‘Pool pricing’ is the new buzz word around Ministry corridors in the national capital. The mechanism for coal has been already ‘in-principle’ approved by Cabinet, while for gas it’s yet to get the fire.

The fancy methodology of pooling price of fuel across all users may be a boon to corporate houses, whose plants are starving for coal or gas. Also, it will be a relief to the financers who are on the verge of reporting non-functional power stations as non-performing assets.

But, what you and me getting from pool pricing? Will it offer electricity at cheaper rates? The answer is probably ‘No’.

In real, pool-pricing can raise tariffs, hurting consumers but would be a boon for project developers and financers.

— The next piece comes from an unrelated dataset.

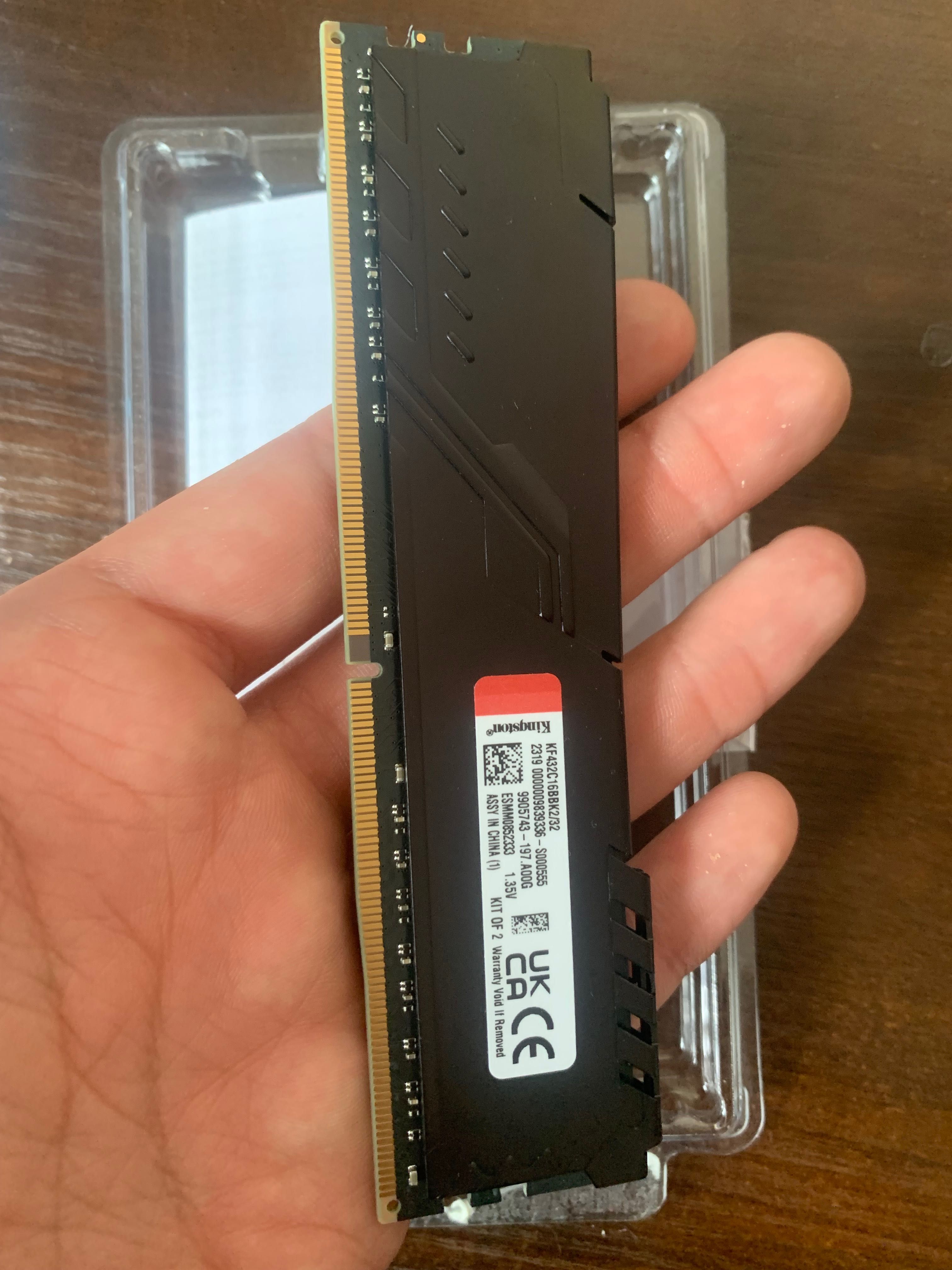 Kingston fury (16gb x 1) 3200Mhz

Take the gas-fired units: Pooled gas (65 per cent of domestic gas and 35 per cent imported) may result in fuel price of $ 12 per mBtu. If gas of this price is used to generate electricity, each kWh would cost around Rs 6, excluding transmission charges and local levies.

Similar is the case for coal. This model is proposed to keep the price of imported coal at the same level of indigenous output and every coal buyers paying a higher price. And this may end up increasing the price of coal available in the country by anything between 8 per cent and 21 per cent, which will impact the generation cost.

Take the example of NTPC, the largest thermal power generator. The public sector firm sources most of its coal domestically and imports some. It is able to sell power at much less than Rs 5 a unit.

International price of fuels – coal and gas – fluctuates and mostly move northwards than reducing.

There is very unfortunate but true that electricity tariffs would not drop and rather pool-pricing will push it further up.